In der CNN-Debatte für Demokraten, die Donald Trump ablösen wollen, bekam die Außenseiterkandidatin Marianne Williamson mehrfach großen Beifall, unter anderem für ihre Erklärung, warum Reparationen für die Nachfahren von Sklaven notwendig sind - jetzt.
200 bis 500 Milliarden Dollar, sagt die Bestseller-Autorin, müssen bezahlt werden. Das sei keine finanzielle Hilfe, sondern das Abzahlen einer Schuld. Spitzenkandidatin Elizabeth Warren fordert erstmal eine landesweite Diskussion. Beto O’Rourke aus Texas fordert, geschehenes Unrecht anzuerkennen und die Wiedergutmachung zu beginnen. New Jersey Senator Corey Booker fordert, die komplexe Fragestellung in mehr als wahlkampftauglichen Ein-Minuten-Statements zu behandeln.
Im Kampf darum, wer antritt, Donald Trump im Weißen Haus abzulösen, kann es sich kein Demokrat leisten, Entschädigungen für Afroamerikaner nicht zumindest in Erwägung zu ziehen.
Ein früheres Randthema ist zurück auf der Agenda
Mehr als 150 Jahre lang war Reparation ein politisches Randthema in den USA. Ein unbequemes Thema. Ein unlösbares Thema.

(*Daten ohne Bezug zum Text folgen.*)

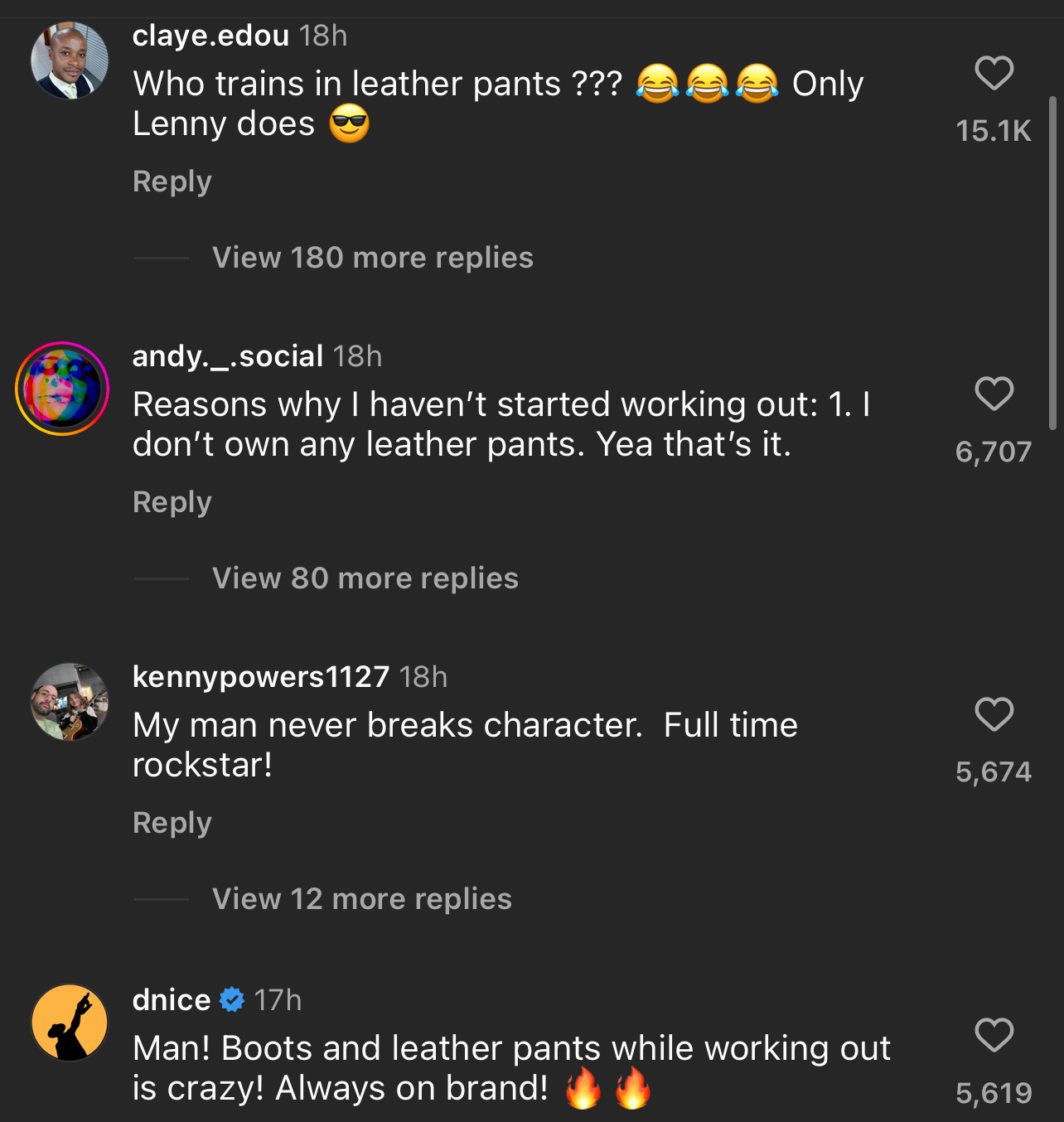 Image of a social media post with a joke about training in leather pants and various user comments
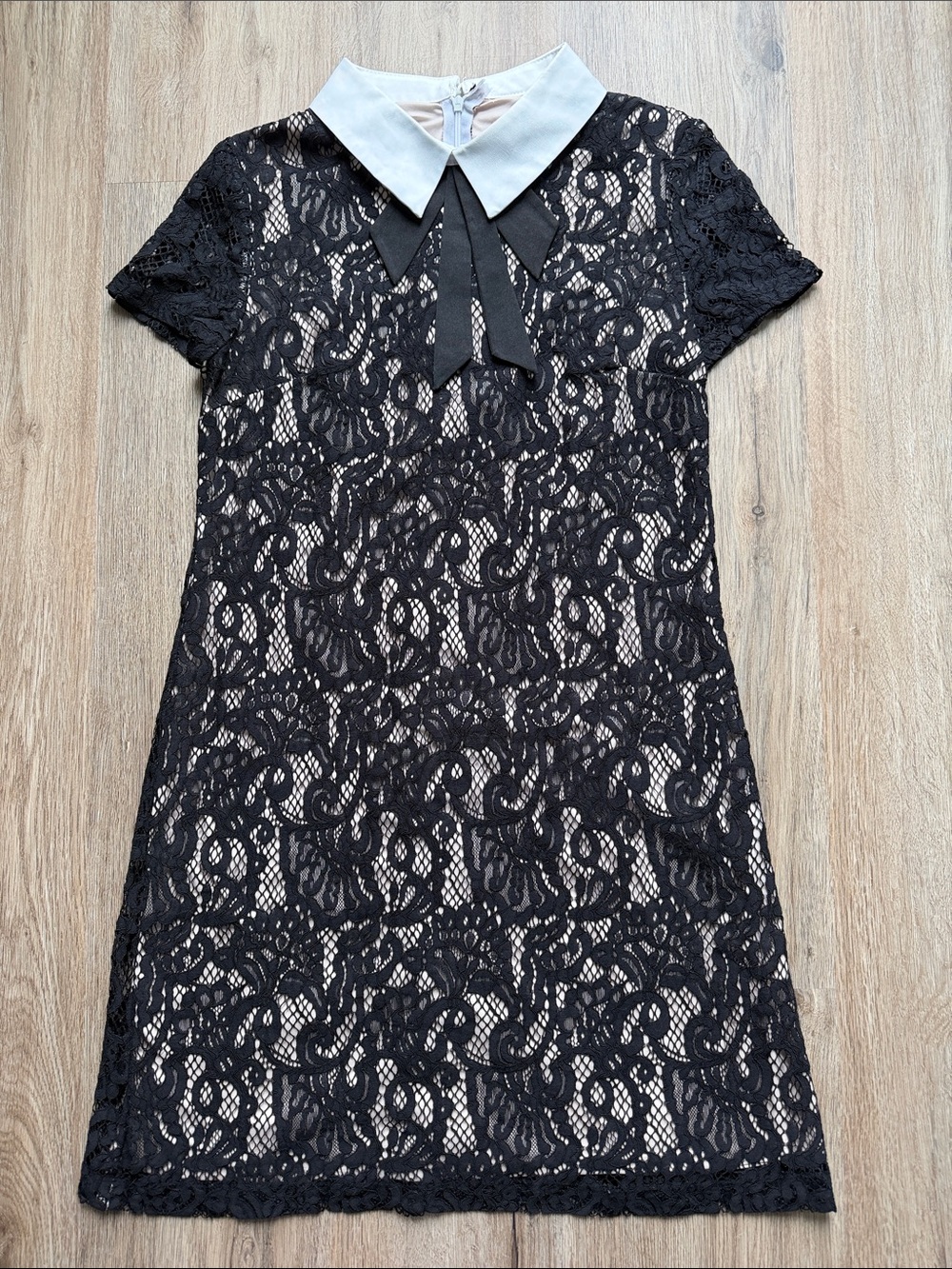 Betsey Johnson Black Lace Shift Dress with White Collar and Black Bow Accent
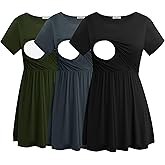 Smallshow Women's Maternity Nursing Tops 3 Pack Short Sleeve Breastfeeding Shirt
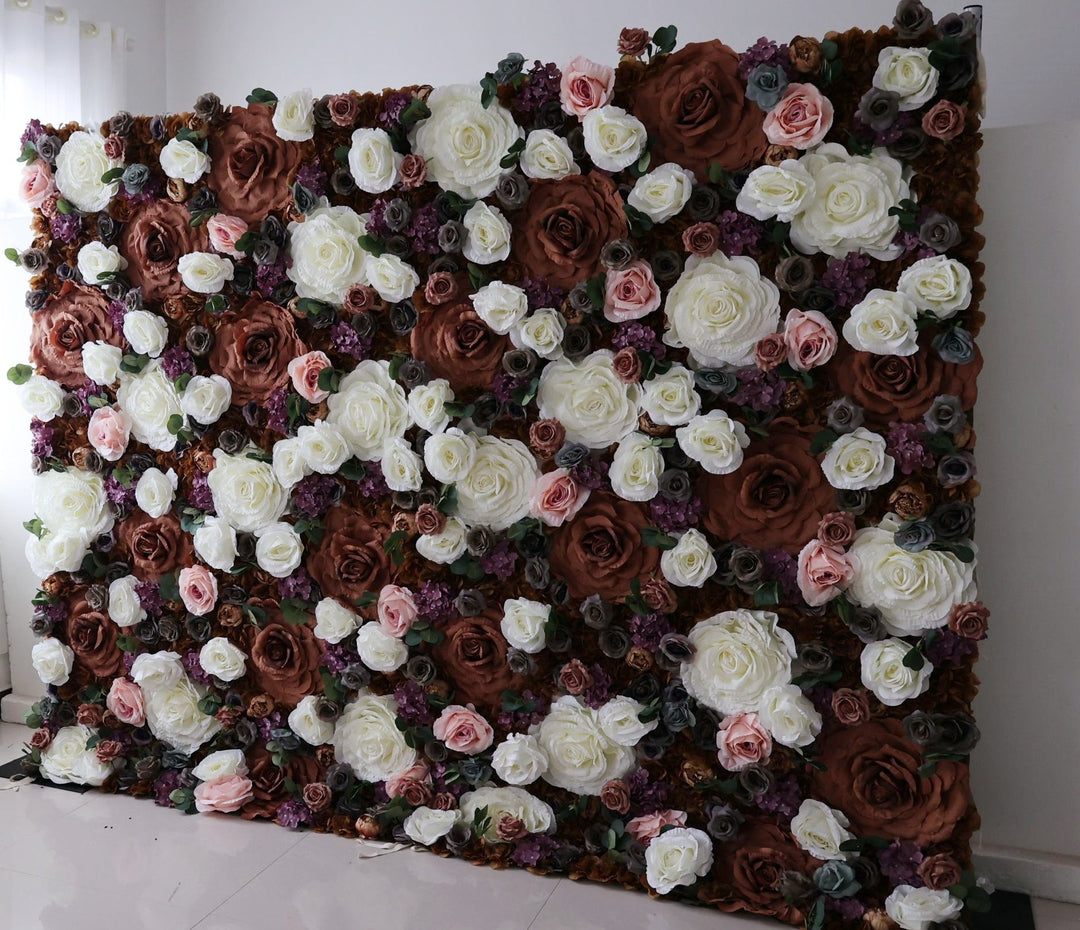 Big Brown And White Rose, Reed Pampas Grass, Artificial Flower Wall Backdrop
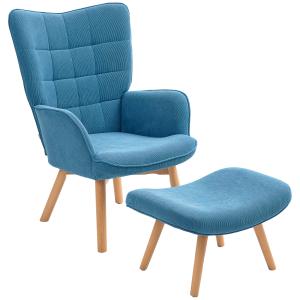 HOMCOM Poltrona d'Accent con Pouf, Poltrona Relax in Effett…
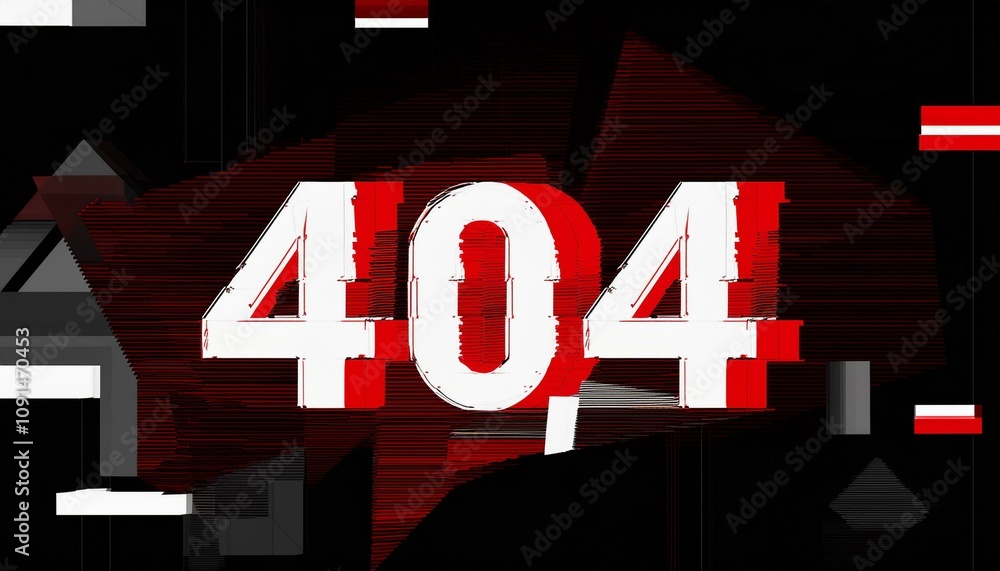 Poster digital glitch: 404 error message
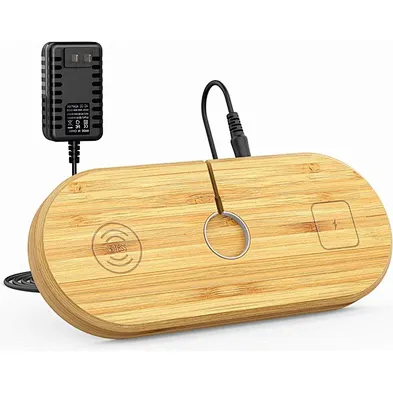 2024 multifunction 15W 3 In 1  Wireless Charger Pad Wood 10w wireless charger wood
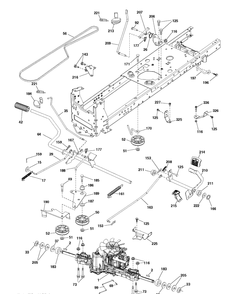 Drive Diagram and Parts List for TS242 (96041041400)(2017-09) Husqvarna Lawn Tractor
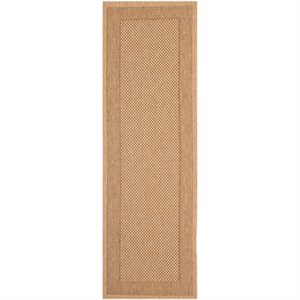 Safavieh Courtyard 9' X 12' Power Loomed Rug in Natural and Gold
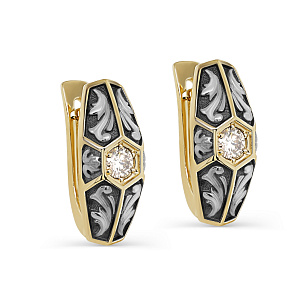 Серьги с английским замком из желтого золота с бриллиантом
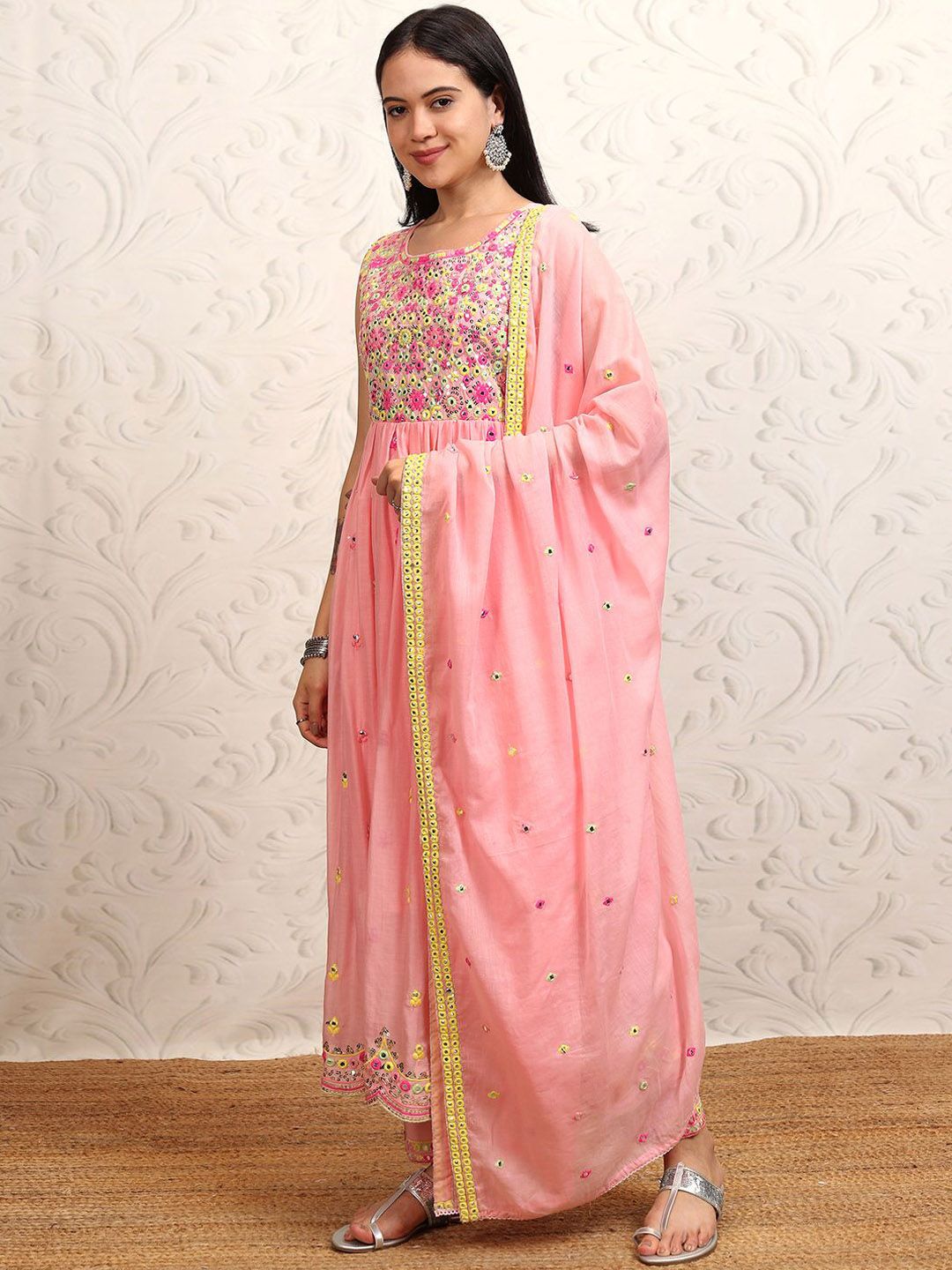 Vishudh Pink Embroidered Thread Work Pure Cotton Anarkali Kurta With Trousers & Dupatta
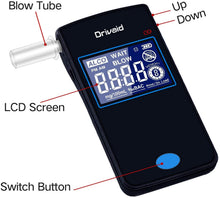 Carica l'immagine nel visualizzatore di Gallery, Drivaid Etilometro Portatile Digitale, Professionale Ricaricabile Alcool Test Con Schermo LED Display, Sensore Semiconduttore, 24 Boccagli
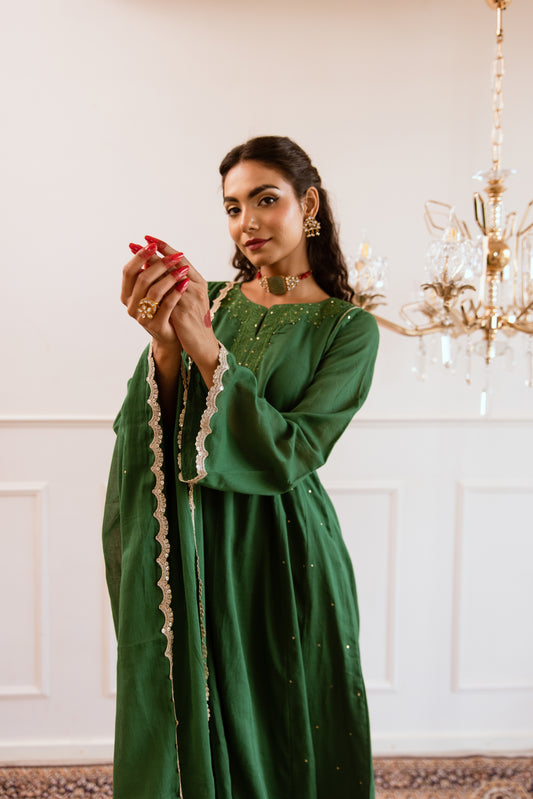 Stylish Mulmul Green Kali Anarkali Suit Sets for Women at JOVI India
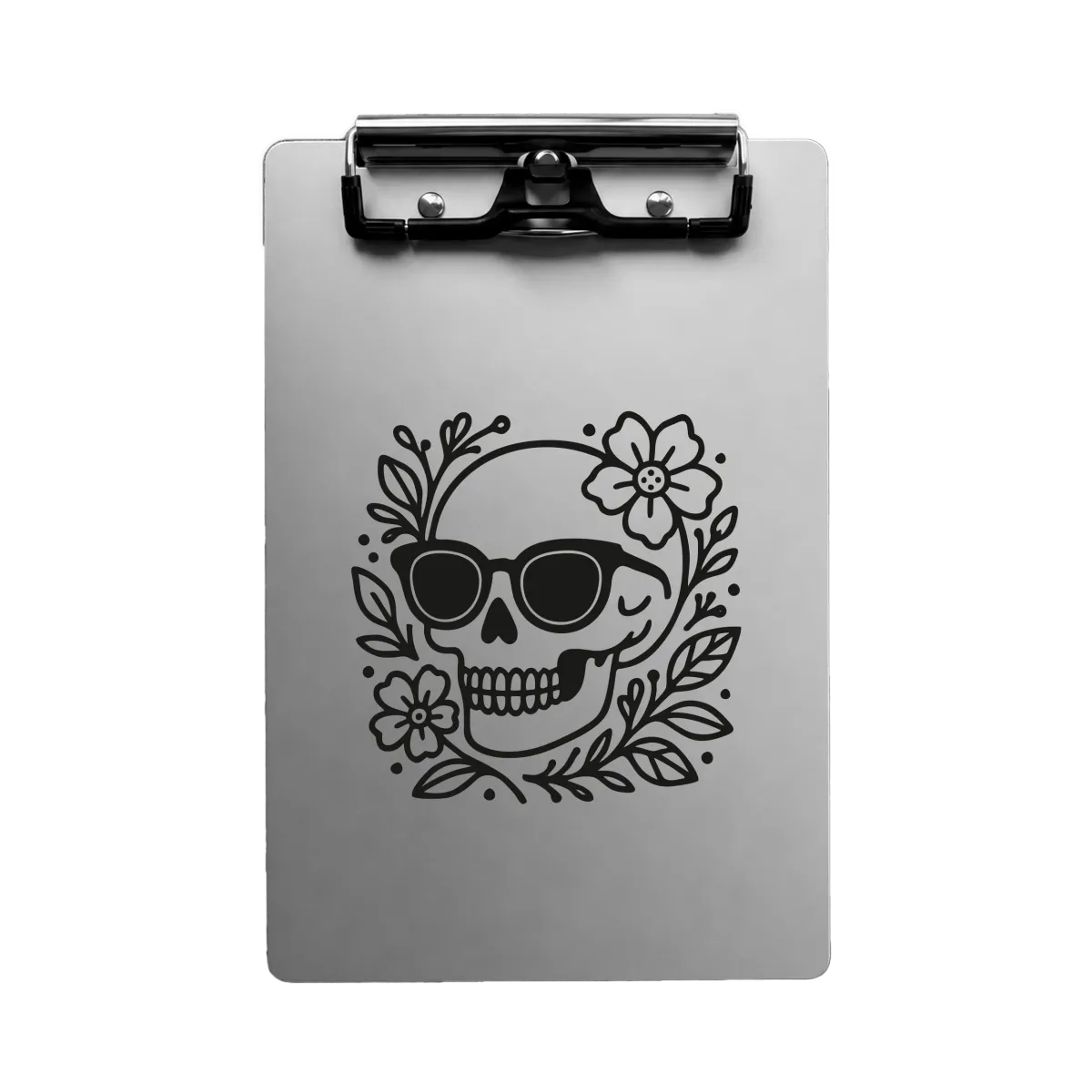 Aluminium Klemmbrett – Skull Flower Motiv – A4 A5 A6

Der Oberste US-Gerichtshof lehnte mehrere Klagen für den Ausgleich unbezahlter Sklavenarbeit ab, die erste vor über hundert Jahren. Die letzte 1995. Die Richter bezeichneten Geldverteilung aufgrund von Rassenzugehörigkeit als verfassungswidrig. Dochdie USA haben schon Reparationen gezahlt. An andere Bevölkerungsgruppen.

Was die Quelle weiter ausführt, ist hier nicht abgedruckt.